O mundo deve julgar o grupo extremista Estado Islâmico (EI), como se fez em Nuremberg com os nazistas, para que suas vítimas possam ter voz e para "desmistificar" sua ideologia - defende em entrevista à AFP Karim Khan, que lidera a investigação da ONU sobre crimes "jihadistas".

AFP - O mundo deve julgar o grupo extremista Estado Islâmico (EI), como se fez em Nuremberg com os nazistas, para que suas vítimas possam ter voz e para "desmistificar" sua ideologia - defende em entrevista à AFP Karim Khan, que lidera a investigação da ONU sobre crimes "jihadistas".

Há um ano, este advogado britânico percorre o Iraque com quase 80 pessoas para coletar provas e depoimentos.

"É como escalar uma montanha", reconhece este especialista em direitos humanos.

A investigação da ONU começou a analisar até 120.000 corpos de mais de 200 fossas comuns, 600.000 vídeos de crimes do EI e 15.000 páginas de documentos da burocracia do grupo extremista.

Decapitações e escravidão 

Há cinco anos, em um território do tamanho do Reino Unido, entre Iraque e Síria, o autoproclamado "califado" controlava a vida de sete milhões de pessoas com suas administrações, escolas, aplicação rigorosa do Islã e castigos dignos da Idade Média.

"Não era [apenas] uma guerrilha, ou um grupo rebelde móvel", afirma Khan, na sede altamente vigiada da UNITAD, em Bagdá.

Os membros de minorias consideradas como "hereges", ou "satanistas", foram assassinados por milhares, torturados, ou reduzidos a escravos, e os meninos, transformados em soldados.

"Quem teria pensado em ver no século XXI crucificações, um homem queimado vivo em uma jaula [...] escravos sexuais, homens jogados de telhados, decapitações?", enumera Khan.

E tudo isso "diante do olhar das câmeras", completa.

Estes crimes "não são novos", lembra. "O que é novo com o EI é a ideologia que alimenta o grupo criminoso", "como os nazistas" fizeram antes deles, acrescenta.

O fascismo alemão teve Nuremberg, cidade alemã onde se estabeleceu em 1945 e 1946 o primeiro tribunal internacional da história, criado para julgar os criminosos de guerra nazistas.

Hoje, praticamente todos os dias há iraquianos condenados - com frequência à morte.

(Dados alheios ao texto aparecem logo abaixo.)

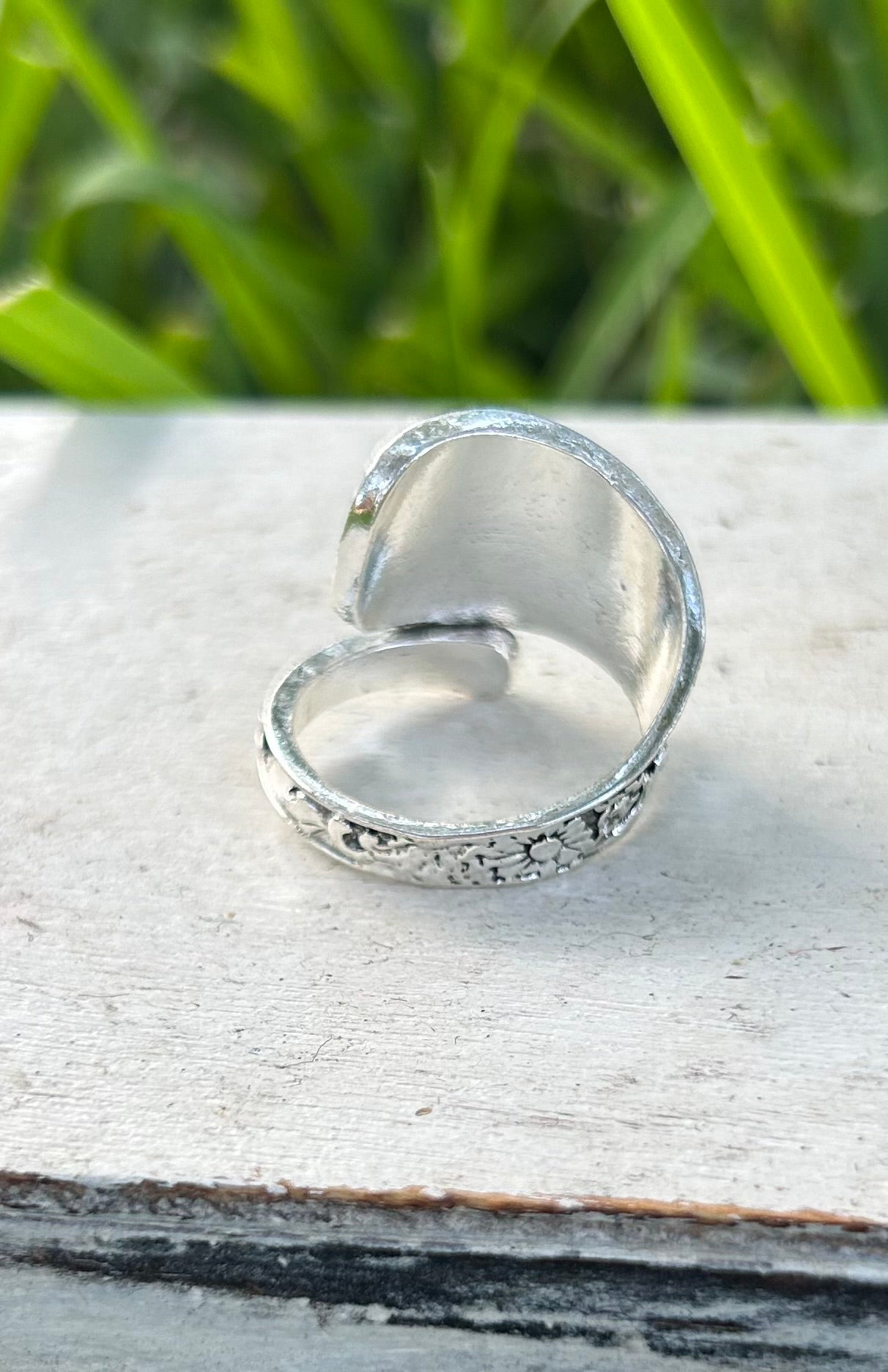 Silver Filled Spoon Ring with Sunflower Pattern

Nestes julgamentos, na ausência das vítimas, são acusados de pertencerem ao EI.

A única maneira de virar a página são julgamentos onde se exponham publicamente provas e testemunhas, em qualquer lugar do mundo, defende Khan.

'Fazer ouvir sua voz' 

"O Iraque e a humanidade precisam de seu Nuremberg" após o EI, insiste Khan.

Este julgamento serviu para "separar o veneno do fascismo do povo alemão", ao afirmar que não havia "responsabilidade coletiva", mas indivíduos responsáveis.

Para o especialista, um julgamento desse grupo "pode contribuir para separar o veneno do EI [que se reivindica como sunita] da comunidade sunita iraquiana", minoritária neste país de maioria xiita.

"Esta ideologia será desmistificada, e o público [...] poderá se dar conta de uma verdade evidente: trata-se do Estado menos islâmico que já existiu", garante.

A UNITAD tenta estabelecer se houve crimes de lesa-humanidade, crimes de guerra, ou genocídio, os crimes mais graves do Direito Internacional.

"Em dois meses, vocês vão quer que traremos elementos para as instruções em curso em alguns países", antecipa, sem nomear os Estados envolvidos.

A UNITAD "arma igualmente esses expedientes", que poderão permitir aos Estados com competência universal se encarregar de crimes, qualquer que seja o lugar onde tenham sido cometidos e a nacionalidade dos autores e das vítimas.

"O Iraque é o primeiro destinatário das nossas informações", mas "pouco importa o lugar", reforça Khan.

A opção de um tribunal internacional, ao qual algumas capitais se referem, parece, contudo, pouco provável em um futuro próximo.

O essencial é garantir "o direito das vítimas de fazerem ouvir suas vozes".